Quantifying Groundwater-Surface Water Interactions with Transfer Function Models

Abstract

This project aims to develop and evaluate a data driven method for analysing groundwater-surface water interactions. These interactions are analysed by using time-series analysis and transfer function modelling to create models for ground water head, stream flow and stream level. The method is applied to a case study: a tunnelling project in Kolmården, Sweden, where a recipient stream in a nature reserve risks being affected by tunnel-induced groundwater drawdown due to leakage. The method consists of two modelling stages. In the first stage groundwater head models (GWMs) are developed. In the second stage, the GWMs are used to extend existing groundwater head time series and develop three types of models: models that estimate baseflow (BFM), stream total flow (TFM), and stream level (SLM).
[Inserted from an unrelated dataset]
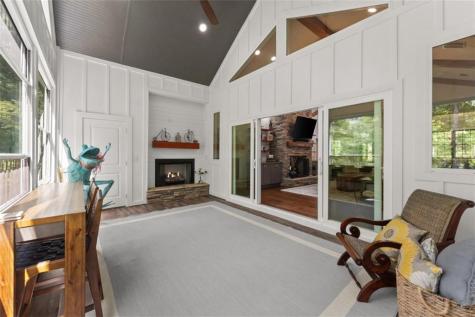 1366 Deer Woods Trail Cleveland GA 30528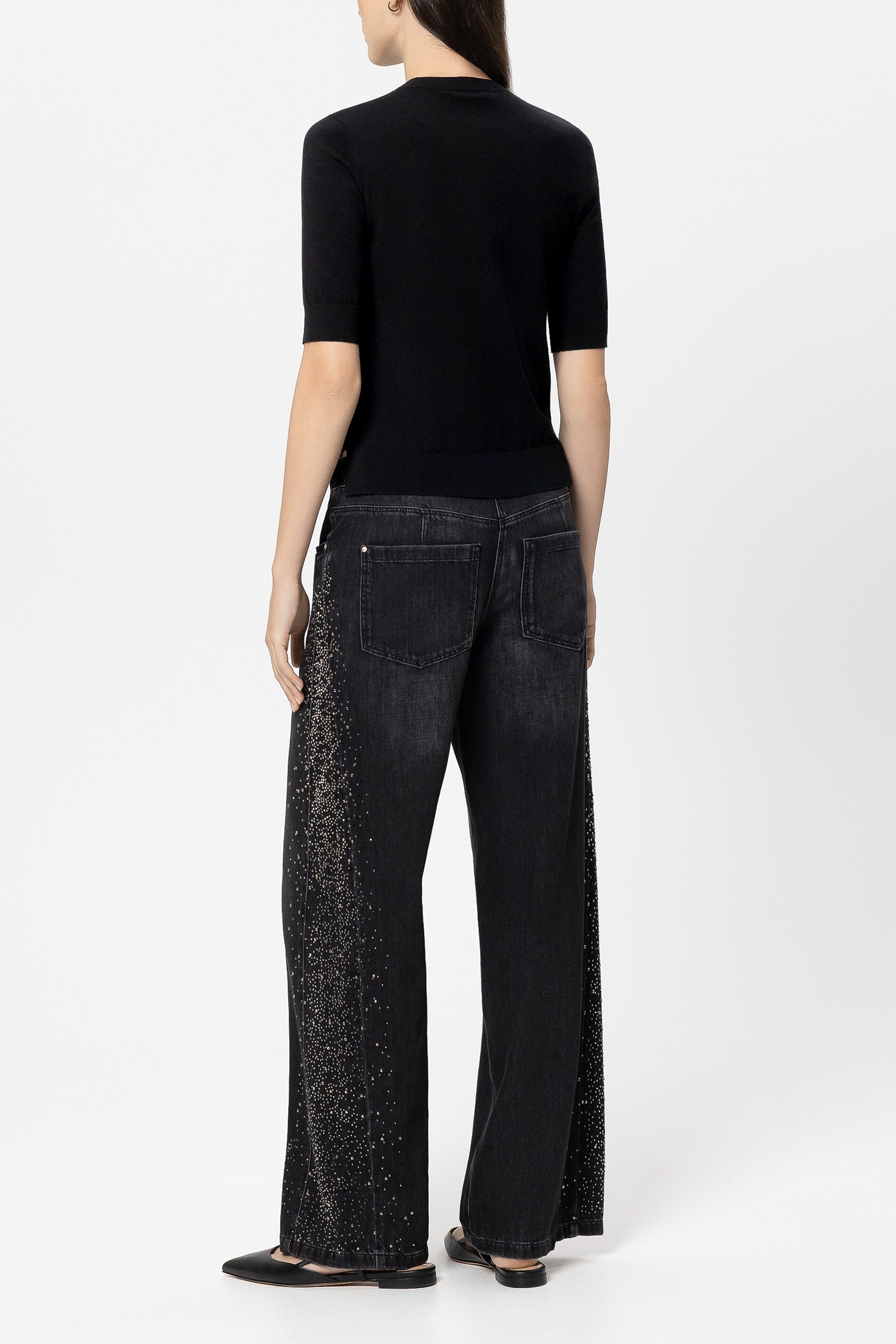 Wideleg-Black-Denim - pure black - mit Hot-Fix | Model Rück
Additionally, the results are simulated using 18 different methods for estimation of potential evapotranspiration, to see how different methods impact results. Results from the first modelling stage indicate higher model performance for models representing groundwater level in soil, compared to rock, and for models using longer calibration periods across all four seasons. Results from the second modelling stage present very poor results for the stream baseflow models (BFMs), which is proba bly related to the baseflow separation procedure’s inability to account for specific local conditions. Total stream flow models (TFMs) and stream level models (SLMs) perform much better, with R2 -values around 0.6 in validation. However, all models show signs of overfitting, with R2 -values above 0.8 in calibration. The contribution from groundwater head to the variations seems to be higher for the SLMs. The developed method constitutes a simplified and data driven approach for analysing groundwater-surface water interactions, making it possible to study, e.g., how tunnel induced groundwater drawdown might affect a watercourse. Further development is recommended, e.g., using additional model evaluation metrics and simulating different leakage rate scenarios with pump test data. The method shows promise for allowing effective modelling of the dynamic response of groundwater-fed surface water to hydroclimatic variables, and can be seen as an additional tool for representing hydrogeological systems.